▸ What the task requires: Set down each record below exactly as it stands. Pictures are not part of the copy.

Short text fragments from websites

▼

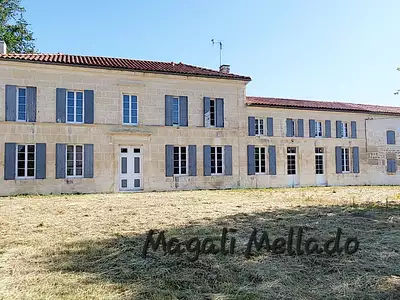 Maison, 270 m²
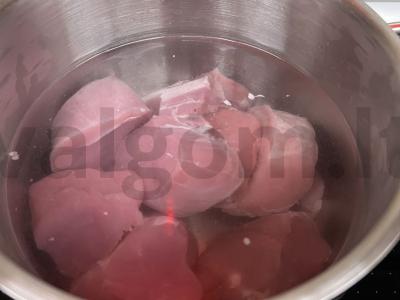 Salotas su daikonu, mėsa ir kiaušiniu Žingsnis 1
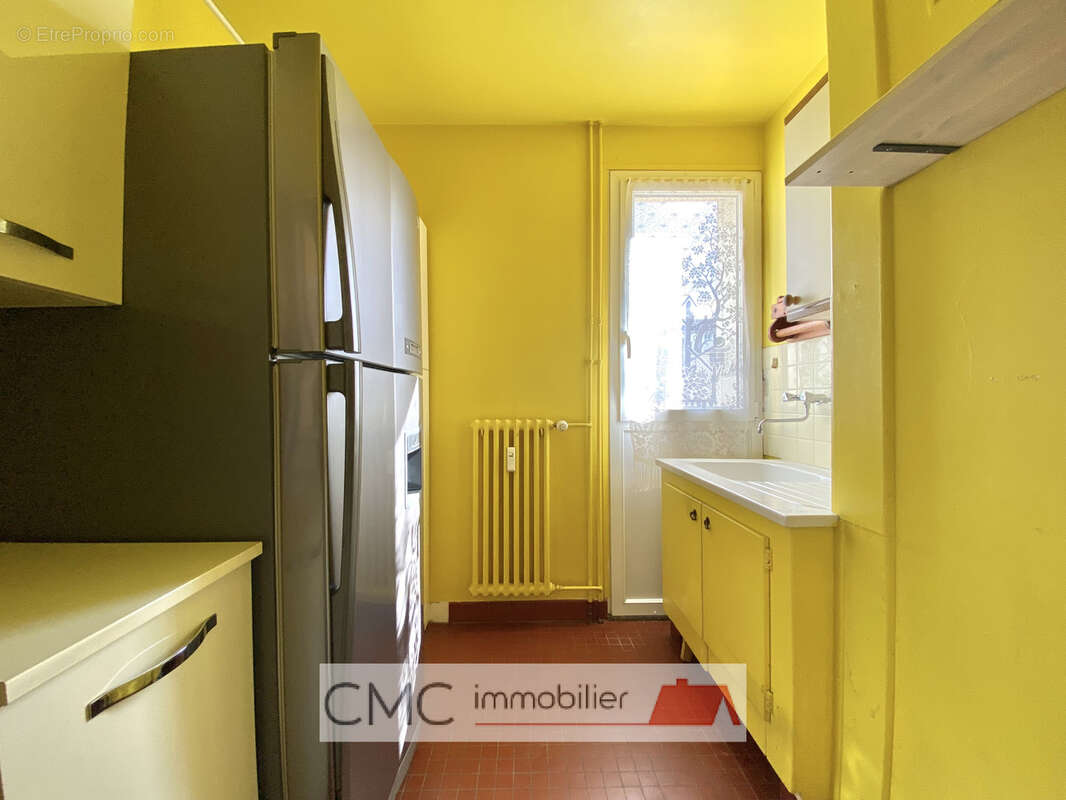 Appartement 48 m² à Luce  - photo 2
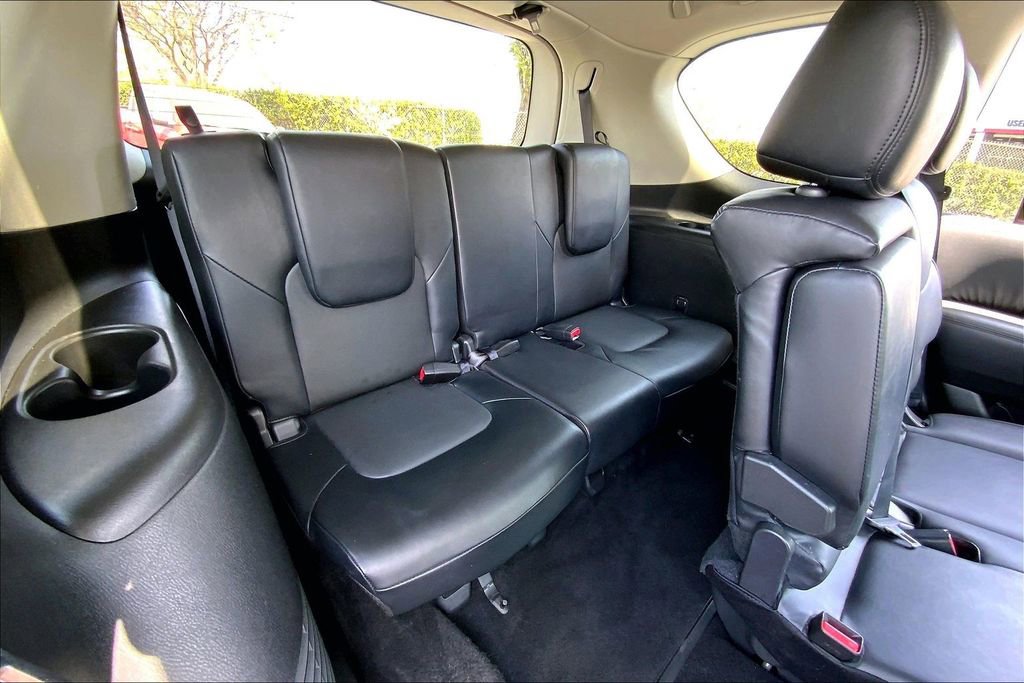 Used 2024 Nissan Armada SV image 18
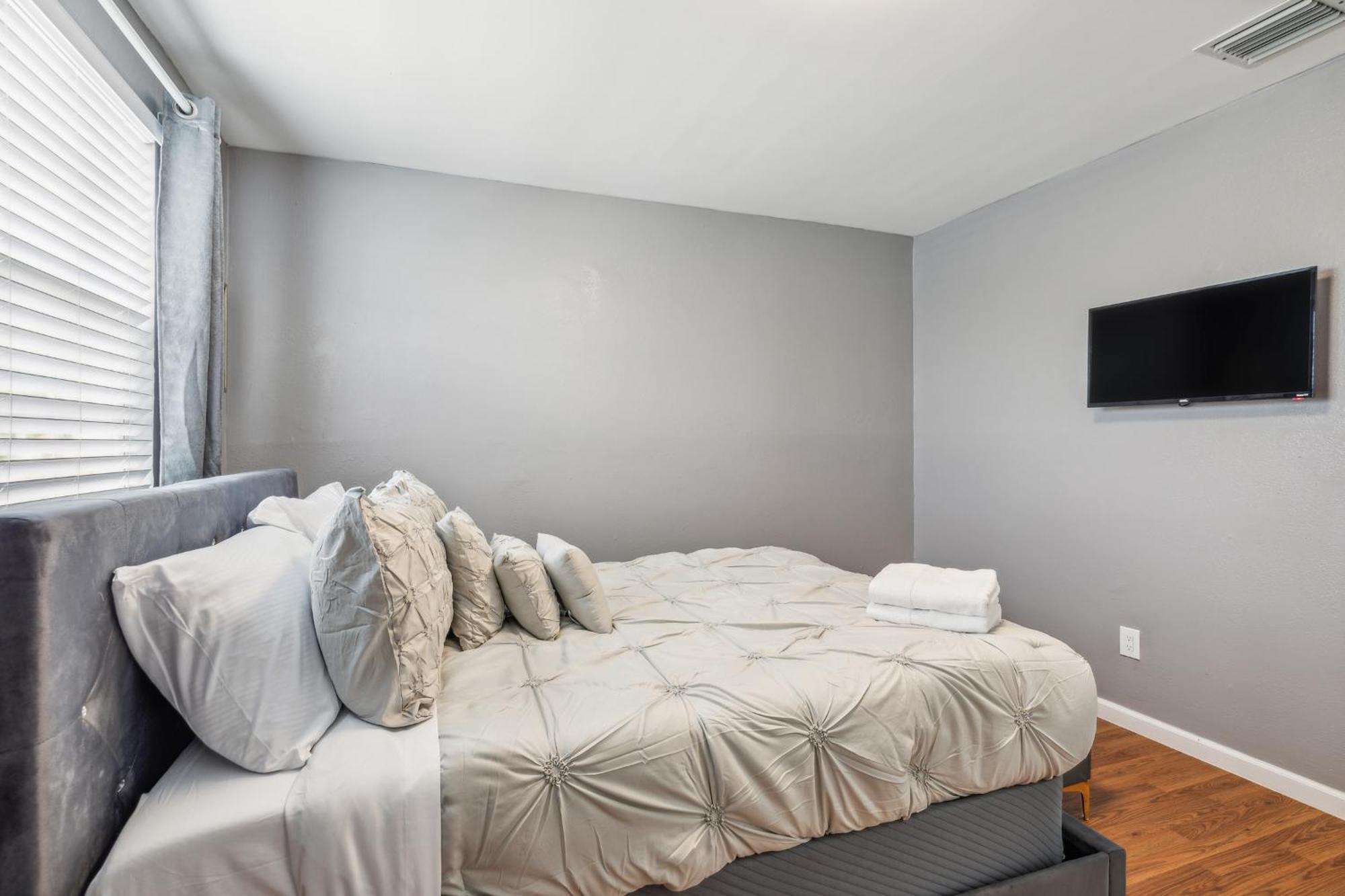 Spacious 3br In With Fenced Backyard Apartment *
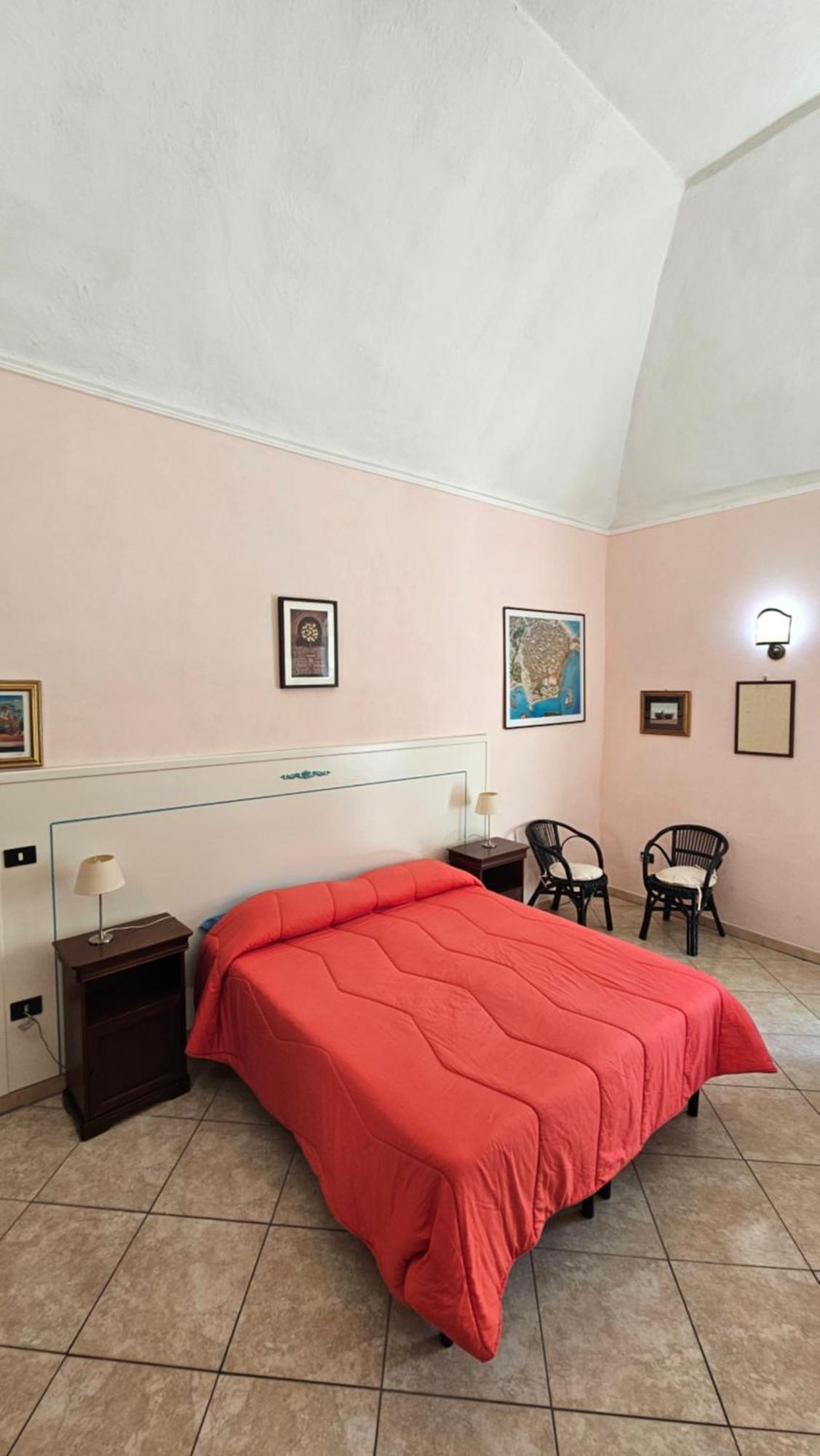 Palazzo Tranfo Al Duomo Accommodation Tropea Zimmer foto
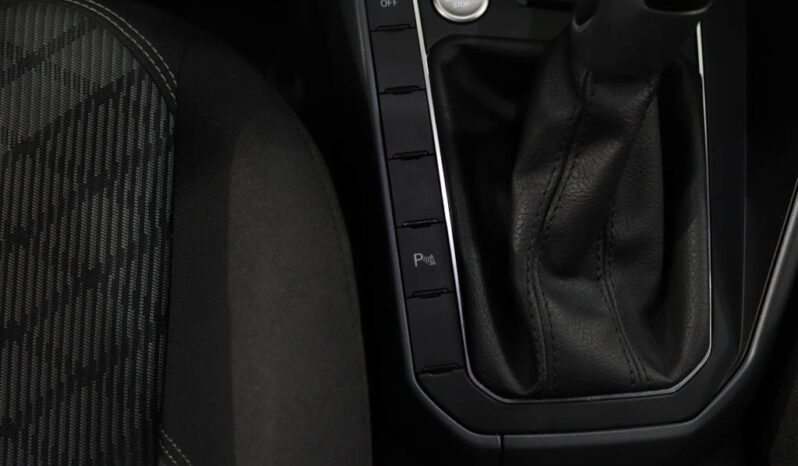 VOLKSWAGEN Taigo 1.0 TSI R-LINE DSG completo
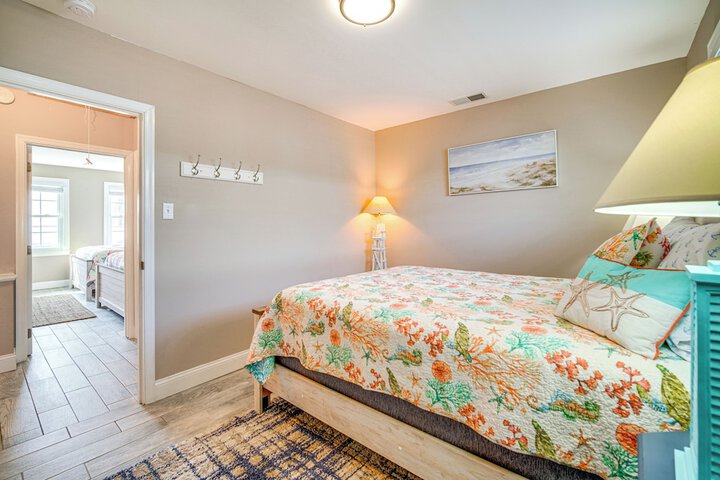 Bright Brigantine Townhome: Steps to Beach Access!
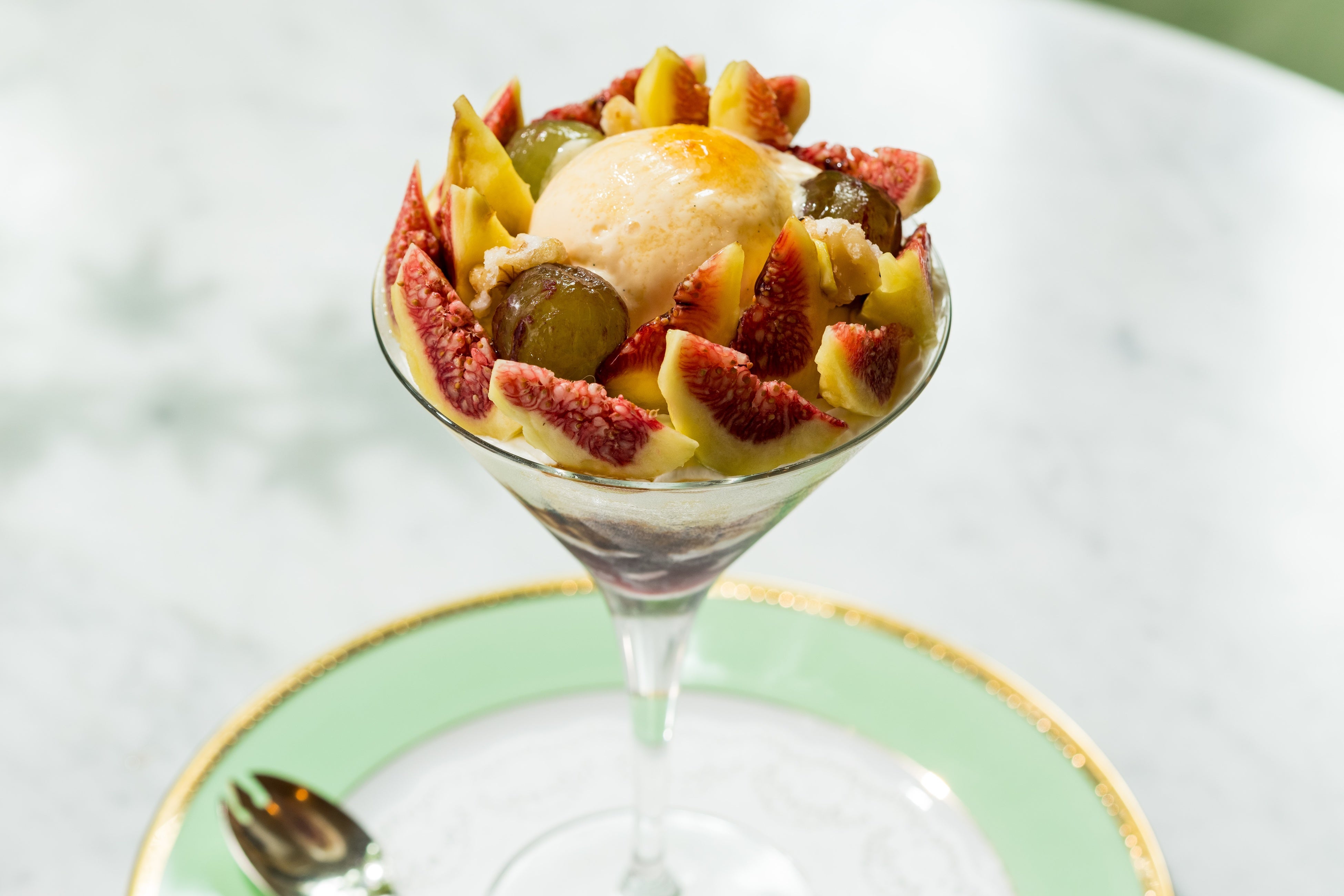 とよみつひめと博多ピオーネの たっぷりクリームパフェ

▲

▸ Final answer:
 Maison, 270 m²
 Salotas su daikonu, mėsa ir kiaušiniu Žingsnis 1
 Appartement 48 m² à Luce  - photo 2
 Used 2024 Nissan Armada SV image 18
 Spacious 3br In With Fenced Backyard Apartment *
 Palazzo Tranfo Al Duomo Accommodation Tropea Zimmer foto
 VOLKSWAGEN Taigo 1.0 TSI R-LINE DSG completo
 Bright Brigantine Townhome: Steps to Beach Access!
 とよみつひめと博多ピオーネの たっぷりクリームパフェ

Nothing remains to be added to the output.